In the case of a red material according to the invention being contained in a resin, a resin such as polystyrene or the like and a red material according to the invention are mixed, heated, melted and dissolved, and formed into a resin plate by use of an injection molding machine; or for instance methacrylate monomer and a polymerization initiator are mixed with a red fluorescent material according to the invention, followed by irradiating UV light by use of a UV lamp to polymerize; or for instance, a polybutyl butyral resin dissolved in a solvent and a red fluorescent material according to the invention are mixed, followed by spin coating, and thereby a resinous film and so on can be obtained. In the case of the red material according to the invention being applied to various kinds of ink varnish, for instance, a red fluorescent material according to the invention is dissolved in a xylene or methyl ethyl ketone solution of methyl acrylate polymer to prepare a composition, and the composition can be coated on art paper or the like. In the case of the red fluorescent material according to the invention being applied to ink for use in ink jet printer and so on, for instance, a red fluorescent material according to the invention is dissolved in various kinds of solvent; and additives, as needs arise, such as a surface tension adjusting agent, viscosity adjusting agent, electric conductivity adjusting agent, binder resin, surfactant and so on are added thereto; and thereby an ink composition can be obtained.
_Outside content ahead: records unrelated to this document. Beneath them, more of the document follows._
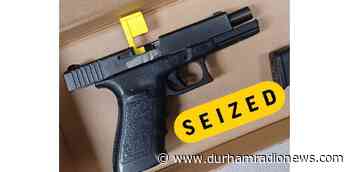 Teen facing gun possession charges after Pickering traffic stop - durhamradionews.com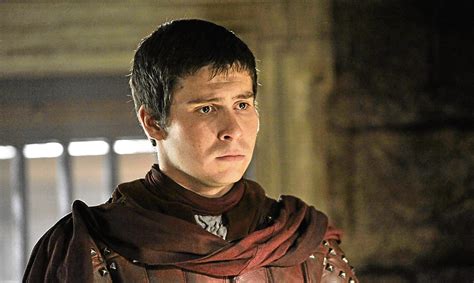 GOT's Podrick Talks Being Groped & Personal Space - Men's Variety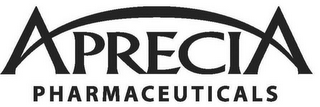 APRECIA PHARMACEUTICALS logo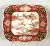 Japanese Imari Rectangular Chargers, Made In Japan For Export To The West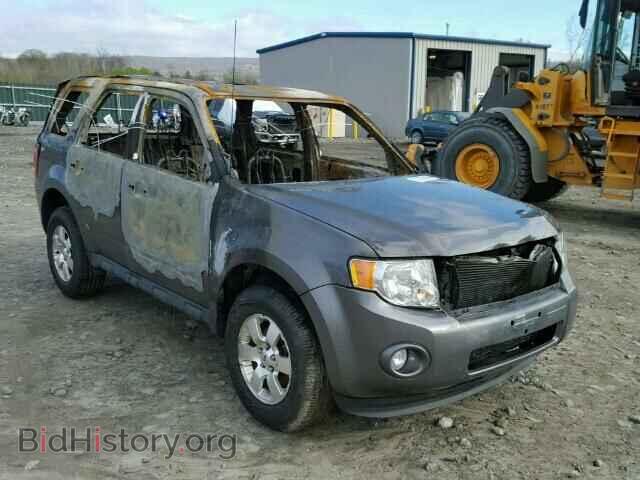 Photo 1FMCU9EG5CKA54605 - FORD ESCAPE 2012
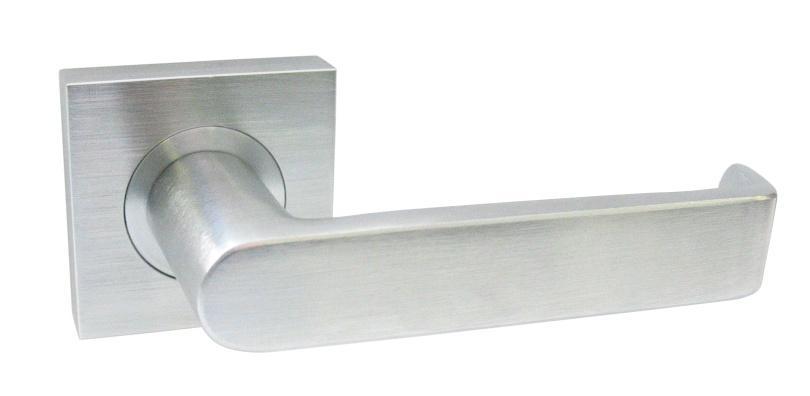 Lever Handles 740 Series A larger 65mm round rose on the high quality cost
In the invention, a concentration of the red fluorescent material in the composition is, though differing depending on fields of application, generally in the range of from 0.001 to 10% by weight in the composition, and preferably from 0.01 to 3% by weight.

EMBODIMENTS

The present invention will be more specifically explained below with reference to embodiments. However, the invention is not restricted to these embodiments. In embodiments, “parts” means parts by weight as far as particular mention is not given.
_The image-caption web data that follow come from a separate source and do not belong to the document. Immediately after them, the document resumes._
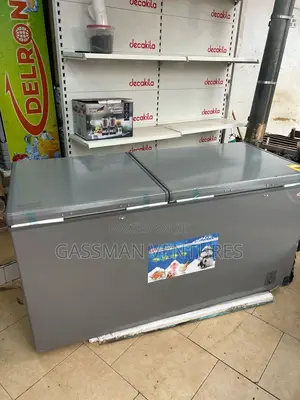 Binatone 523l Chest Freezer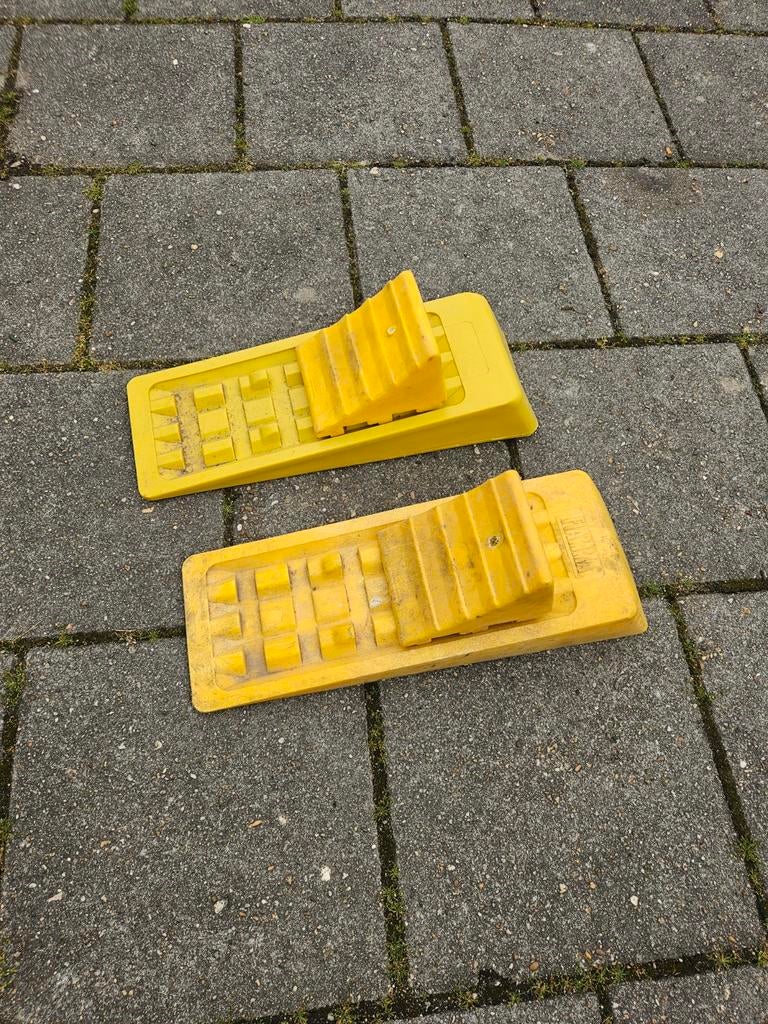 Levelers voor camper of caravan, Ophalen of Verzenden
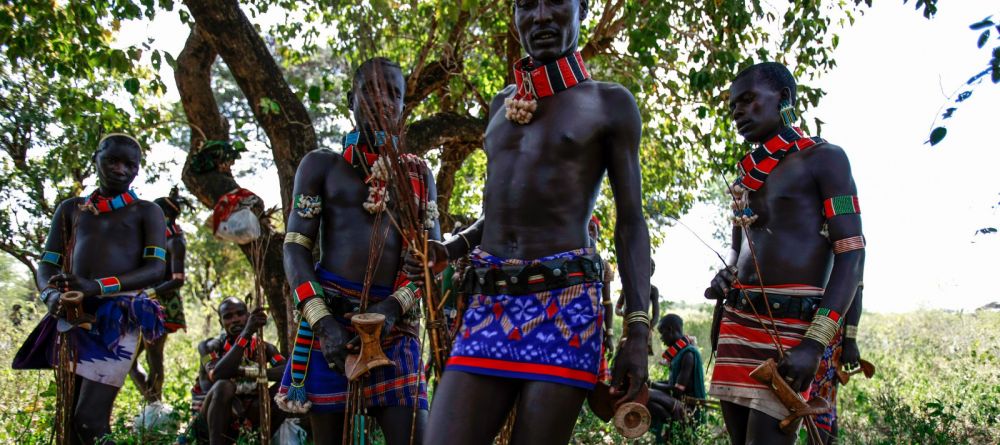 Lumale Tented Camp, Omo Valley, Ethiopia - Image 3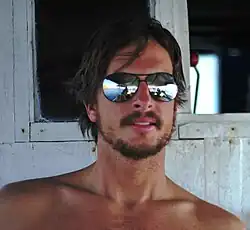 Portrait of Morgan Parker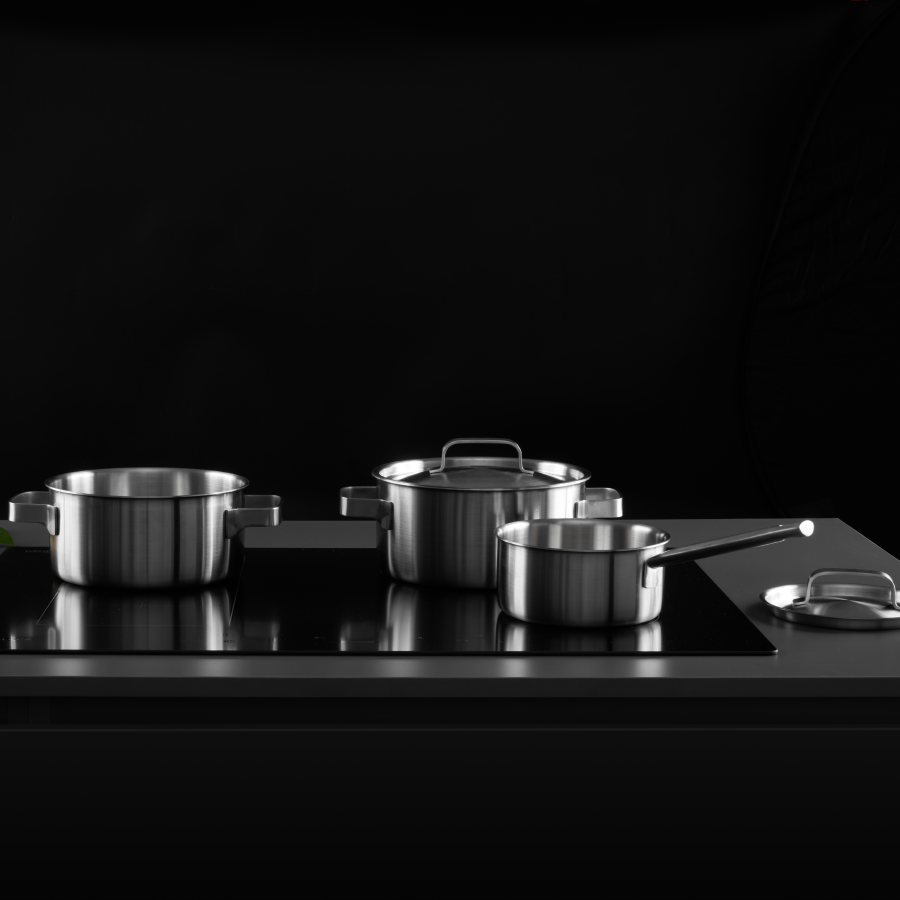 BỘ NỒI INOX Malloca - SA-2030 - Ảnh 3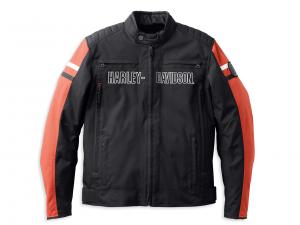 Men's Hazard Waterproof Textile Jacket 98126-22EM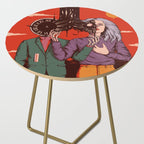 Shared Time Side Table Gallery Image 2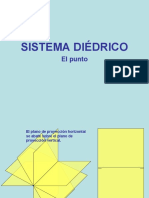 Diedrico Puntos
Example 1 Synthesis of Compound (2))

Fifty parts of ethanol, 2.4 parts of 4,4,4-trifluoroalkyl-1-(2-naphtyl)-1,3-butandione, 1.7 parts of triphenylphosphine oxide, and 3.6 parts of 10% sodium hydroxide were mixed at room temperature, and to this solution an aqueous solution obtained by dissolving 1.1 parts of europium chloride hexahydrate in 30 parts of water was dropped followed by agitating for 2 hours. After the. reaction came to completion, precipitated white solid was filtered, washed, dried, and thereby 4 parts of the compound (2) represented by the following formula was obtained.

Wavelength at maximum absorption in an absorption spectrum (methanol): 331 nm

Wavelength at maximum excitation in a fluorescence spectrum (methanol): 333 nm

Wavelength at maximum fluorescence in a fluorescence spectrum (methanol): 613 nm

Melting point: in the neighborhood of 80 degree centigrade

Decomposition point: in the neighborhood of 310 degree centigrade (determined by TG-DTA)

Elemental Analysis:

Carbon 60.81% (theoretical value: 62.28%)
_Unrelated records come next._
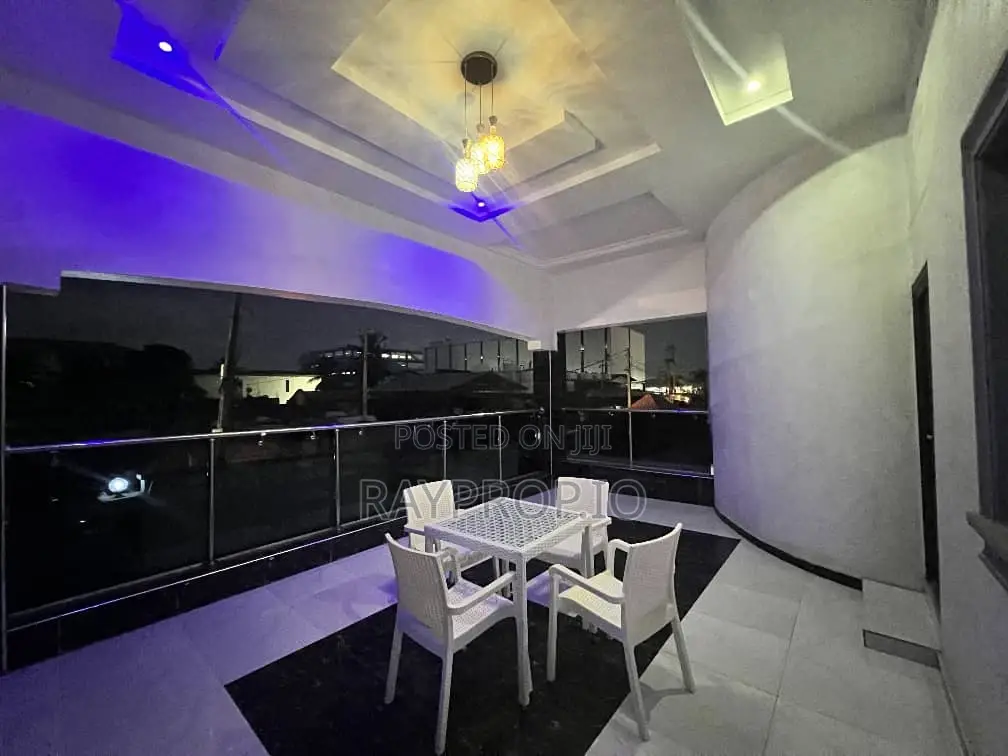 3 Bedroom Shortlet in Ajao Estate in Airport Road / Ikeja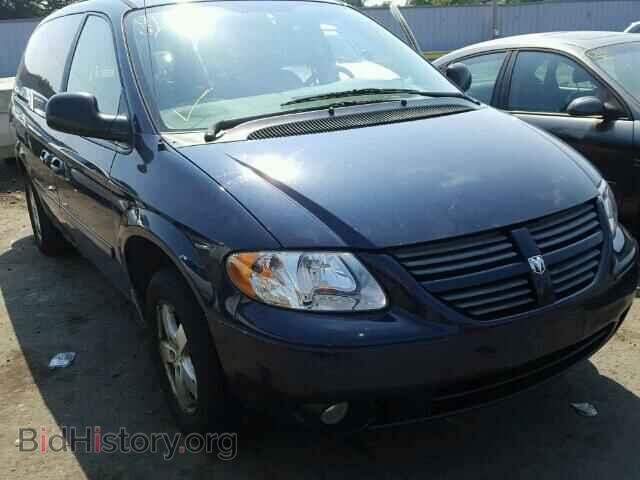Photo 2D4GP44L16R662693 - DODGE CARAVAN 2006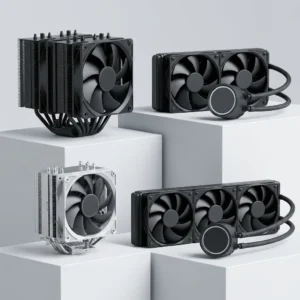 Coolers para CPU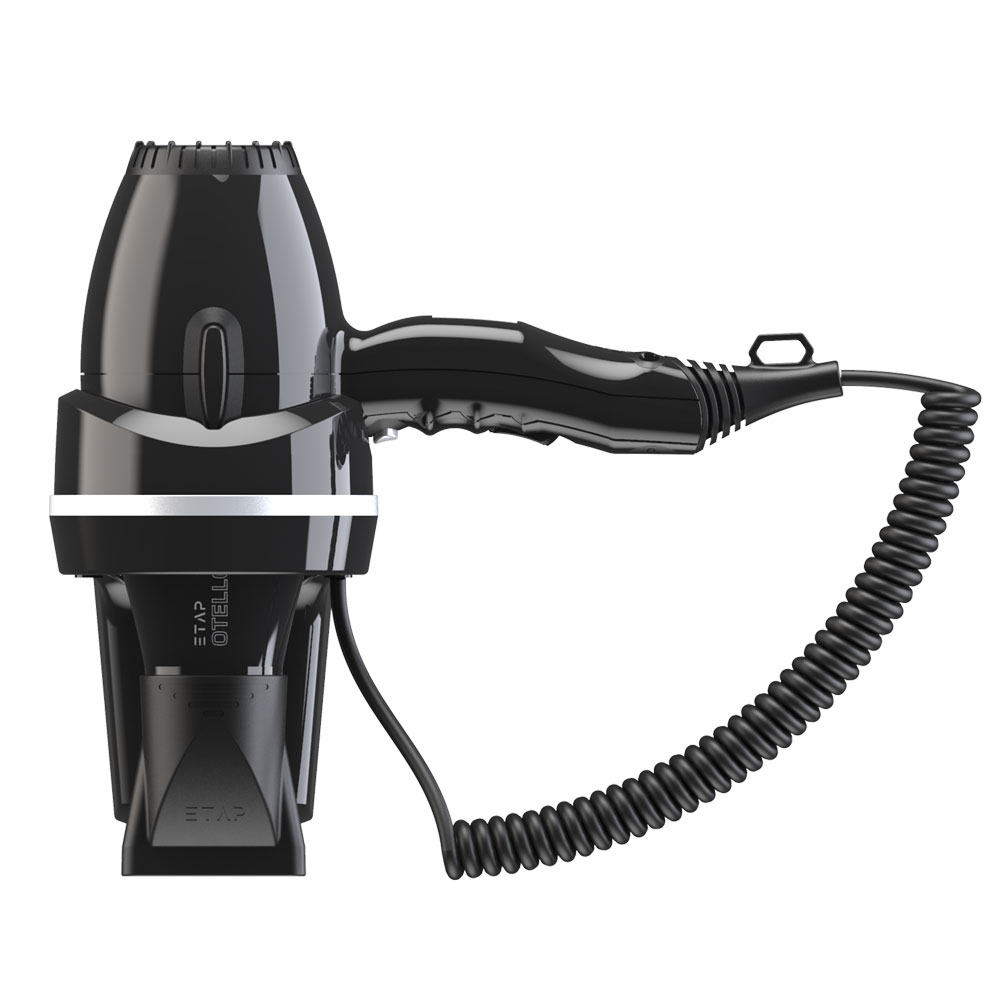 İntessa Hotel Type Hair Dryer Wall Mounted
Hydrogen 3.64% (theoretical value: 3.62%)

Example 2 Preparation of Ink

One part of compound (2) was dissolved in 80 parts of methyl ethyl ketone, followed by adding and mixing to dissolve 10 parts of ethyl acetate, 6 parts of ethanol, 2 parts of N-methyl-2-pyrrolidone, one part of sodium thiocyanate and one part of vinyl chloride-vinyl acetate copolymer, further followed by filtering the solution, and thereby an ink composition according to the invention was obtained. The ink composition according to the invention did neither precipitate nor separate during the preservation, and, even after a long period of storage, did not exhibit a change in the physical properties. When this composition was used in an ink jet printer, to make a record, followed by irradiating UV light, it was confirmed that excellent color was emitted.

Example 3 Preparation of Ink

Into 25 parts of ethanol, one part of the compound (2) was dissolved, followed by adding and agitating to dissolve 74 parts of NC varnish for use in gravure ink, and thereby a composition for use in gravure ink was obtained. The ink composition according to the invention did neither precipitate nor separate during the storage, nor did exhibit a change in the physical properties even after a long period of storage. The composition was coated on art paper by use of a bar coater and dried. It was confirmed that when UV light is irradiated thereon, excellent color was emitted.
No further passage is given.